Records for the task –
+-------+

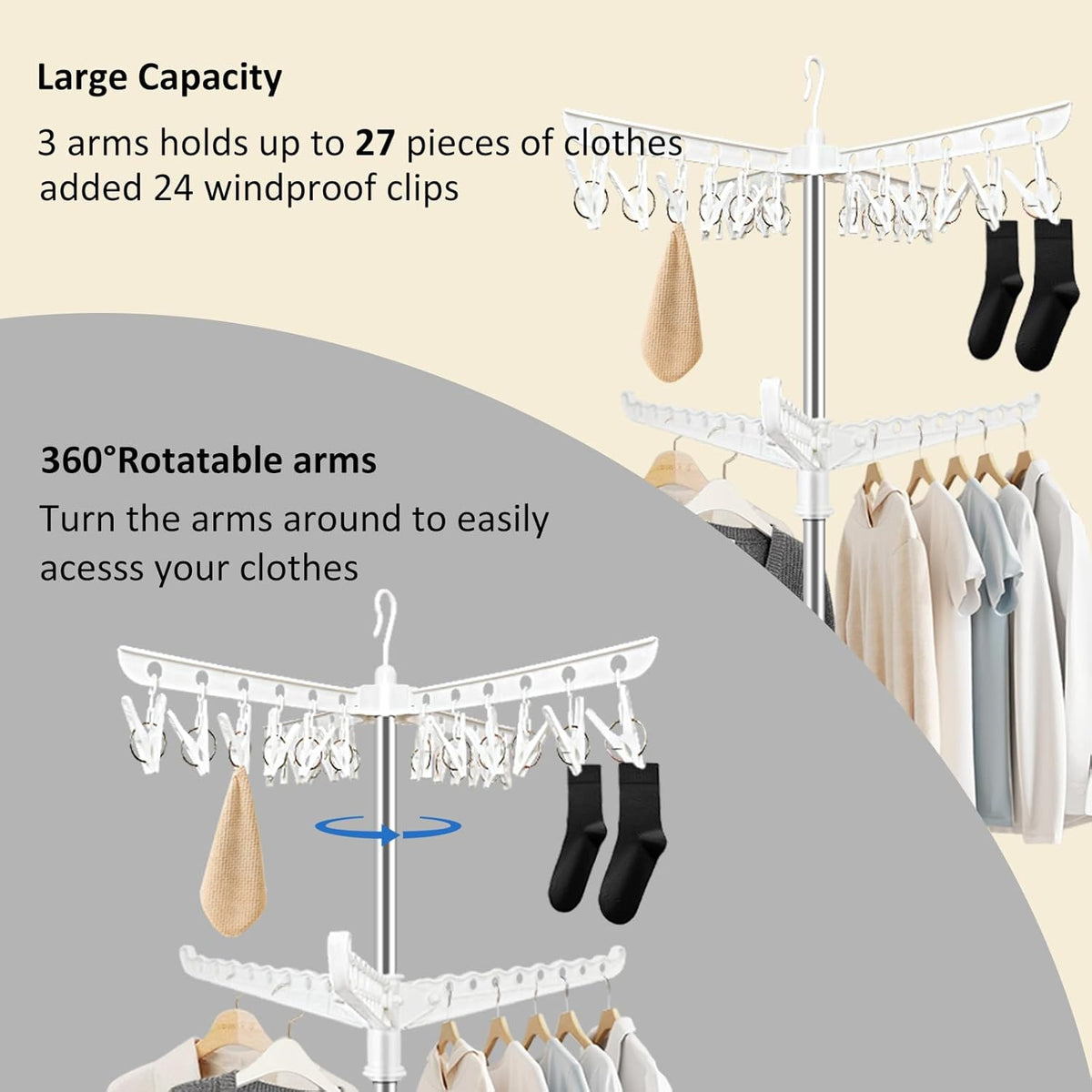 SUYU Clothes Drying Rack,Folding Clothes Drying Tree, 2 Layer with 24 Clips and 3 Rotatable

+-------+

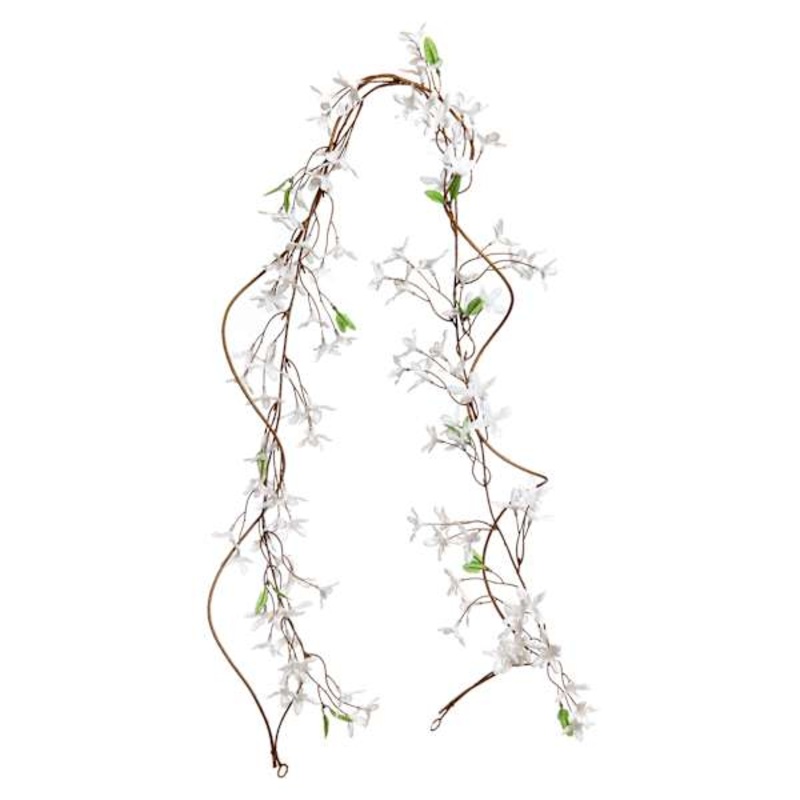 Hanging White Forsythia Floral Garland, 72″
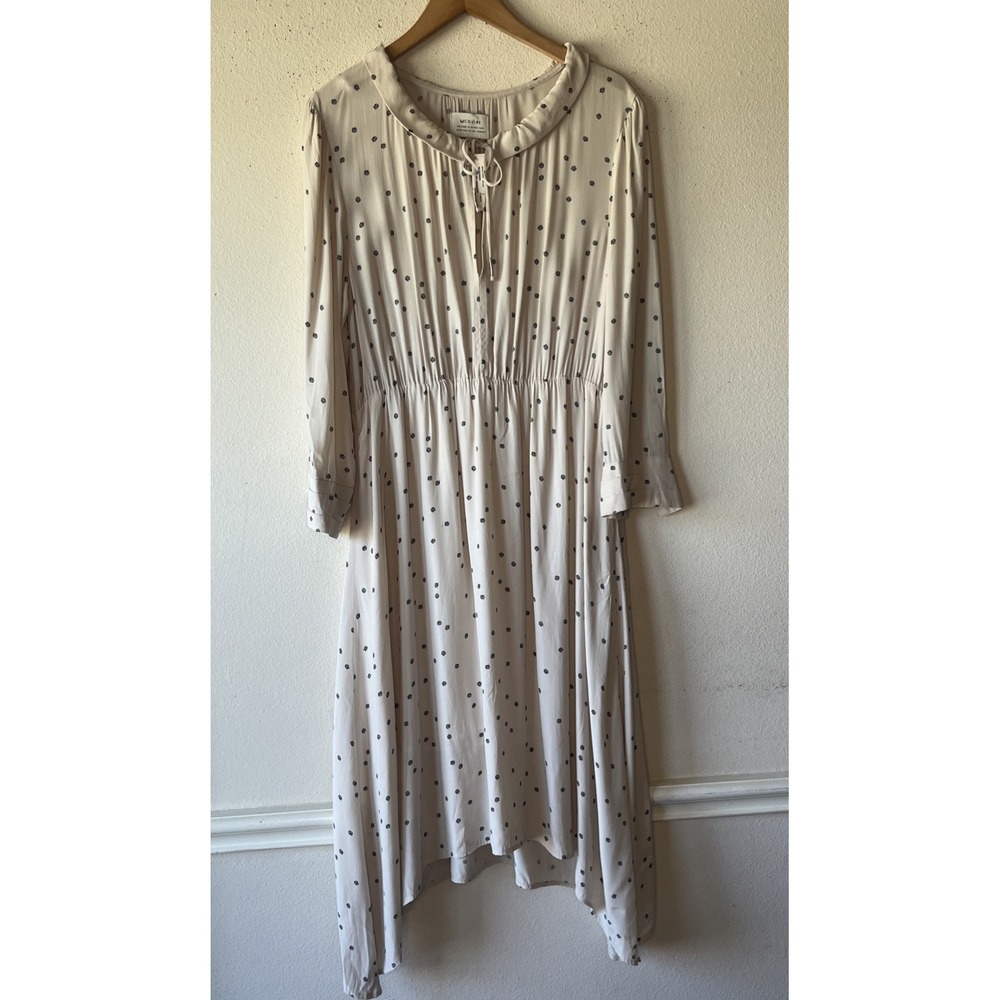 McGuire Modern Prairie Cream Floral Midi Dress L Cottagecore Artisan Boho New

+-------+

The task –
Above are some entries; copy exactly the lines from the line with "Hanging White Forsythia Floral Garland, 72″" through the line with "McGuire Modern Prairie", both included, but none of the pictures.

Solution to this problem –
 Hanging White Forsythia Floral Garland, 72″
 McGuire Modern Prairie Cream Floral Midi Dress L Cottagecore Artisan Boho New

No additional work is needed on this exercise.